Ukraine had been waiting for them for over a year. On Sunday, August 4, Ukrainian President Volodymyr Zelensky confirmed the presence on Ukrainian soil of the first F-16s, the American-made fighter jets promised by several allied countries since the summer of 2023. He did not specify their number but said it was "not enough" and added that Kyiv was expecting "additional" deliveries.
Despite their symbolic significance, many experts now think that the likelihood the F-16s will upset the long war of attrition that the Russians and Ukrainians have entered into is highly uncertain, given the many other parameters that now come into play.
While the F-16s may, for example, enable Kyiv to strike Russian forces on the ground further behind the 900-kilometer front line, there is no guarantee that they will quickly be able to neutralize Moscow's planes, which have been dropping devastating glide bombs over Ukraine for months. While its allies promised to deliver 90 aircraft, this process will take several years. The United State also pledged to equip these F-16s with "at least the critical volumes" of weaponry. But the allies will then have to agree to provide the rest by purchasing this ammunition from the Americans.
"[The F-16 is] an important addition. It's not in itself changing the war," Norwegian Foreign Minister Espen Barth Eide told the Wall Street Journal on July 30. "We're not out of the tactical military impasse," judged Elie Tenenbaum, the director of the French Institute of International Relations's Center for Security Studies in a July 9 interview on the podcast Le Collimateur, after returning from a research trip to Kyiv.
Just over a year after the failed counter-offensive Ukraine launched in the summer of 2023 to retake the territories annexed by Moscow in February 2022, the reality of the balance of power between Russians and Ukrainians is increasingly shrouded in fog.

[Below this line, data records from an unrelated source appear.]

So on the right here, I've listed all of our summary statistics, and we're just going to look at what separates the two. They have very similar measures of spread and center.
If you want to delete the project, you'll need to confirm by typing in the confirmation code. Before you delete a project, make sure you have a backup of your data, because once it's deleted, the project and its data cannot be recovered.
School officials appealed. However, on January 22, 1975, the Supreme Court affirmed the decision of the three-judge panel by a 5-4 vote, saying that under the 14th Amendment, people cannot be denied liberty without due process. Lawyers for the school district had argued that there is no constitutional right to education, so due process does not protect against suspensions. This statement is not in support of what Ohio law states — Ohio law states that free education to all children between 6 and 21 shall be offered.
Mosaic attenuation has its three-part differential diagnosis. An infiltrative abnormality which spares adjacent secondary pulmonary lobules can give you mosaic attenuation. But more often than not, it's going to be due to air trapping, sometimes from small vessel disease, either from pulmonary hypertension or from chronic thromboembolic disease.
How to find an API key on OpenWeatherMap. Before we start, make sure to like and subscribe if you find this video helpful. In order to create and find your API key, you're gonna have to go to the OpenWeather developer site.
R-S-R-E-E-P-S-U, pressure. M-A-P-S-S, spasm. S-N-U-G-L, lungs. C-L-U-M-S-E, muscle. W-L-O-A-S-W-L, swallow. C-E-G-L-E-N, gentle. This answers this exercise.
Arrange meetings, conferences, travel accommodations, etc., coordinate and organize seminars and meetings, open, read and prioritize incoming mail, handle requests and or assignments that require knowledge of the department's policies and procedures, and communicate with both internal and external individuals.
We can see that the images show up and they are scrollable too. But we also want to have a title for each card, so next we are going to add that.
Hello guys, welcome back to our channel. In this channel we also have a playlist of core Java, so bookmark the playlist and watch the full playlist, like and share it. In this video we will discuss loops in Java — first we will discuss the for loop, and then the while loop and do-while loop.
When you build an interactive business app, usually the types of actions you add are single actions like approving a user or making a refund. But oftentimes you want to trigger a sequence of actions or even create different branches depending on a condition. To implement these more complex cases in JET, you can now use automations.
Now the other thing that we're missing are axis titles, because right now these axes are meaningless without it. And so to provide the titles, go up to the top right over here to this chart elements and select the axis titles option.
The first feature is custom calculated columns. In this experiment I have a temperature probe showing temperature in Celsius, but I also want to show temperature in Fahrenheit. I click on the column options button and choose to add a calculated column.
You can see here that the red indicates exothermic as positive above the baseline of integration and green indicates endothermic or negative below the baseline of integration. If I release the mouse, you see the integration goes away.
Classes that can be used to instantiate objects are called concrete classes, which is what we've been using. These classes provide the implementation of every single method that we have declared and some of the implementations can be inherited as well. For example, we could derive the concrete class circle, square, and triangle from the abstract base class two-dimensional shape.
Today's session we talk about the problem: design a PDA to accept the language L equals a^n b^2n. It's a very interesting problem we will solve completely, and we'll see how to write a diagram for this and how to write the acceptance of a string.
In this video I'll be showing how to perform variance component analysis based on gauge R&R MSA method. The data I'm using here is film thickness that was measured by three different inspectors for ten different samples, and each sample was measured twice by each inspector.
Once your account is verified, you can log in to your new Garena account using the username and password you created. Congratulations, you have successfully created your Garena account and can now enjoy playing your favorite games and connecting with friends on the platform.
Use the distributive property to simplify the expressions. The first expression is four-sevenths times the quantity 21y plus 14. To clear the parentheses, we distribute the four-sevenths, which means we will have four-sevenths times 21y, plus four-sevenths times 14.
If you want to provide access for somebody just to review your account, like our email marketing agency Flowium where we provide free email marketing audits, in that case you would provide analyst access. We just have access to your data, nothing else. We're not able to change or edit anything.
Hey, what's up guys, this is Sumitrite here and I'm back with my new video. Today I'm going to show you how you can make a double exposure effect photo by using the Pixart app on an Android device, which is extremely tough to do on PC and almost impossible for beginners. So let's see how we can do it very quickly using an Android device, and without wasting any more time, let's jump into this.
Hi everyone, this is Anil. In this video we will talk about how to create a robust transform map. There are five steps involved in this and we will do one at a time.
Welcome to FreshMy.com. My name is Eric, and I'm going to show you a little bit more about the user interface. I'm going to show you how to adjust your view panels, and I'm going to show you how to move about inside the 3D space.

"We lack precise numbers. Both sides have communication strategies and neither can be trusted," said Joris Van Bladel, a specialist in Russian military affairs and senior associate at the Egmont Institute, Belgium's Royal Institute for International Relations. "A few months ago, I was very pessimistic about the Ukrainians. But a lot also hinges on the outcome of the American elections. The only thing that's for sure is that we're in a war of attrition, where knowledge of the enemy is not as important as physical strength, and whoever can hold out the longest will win."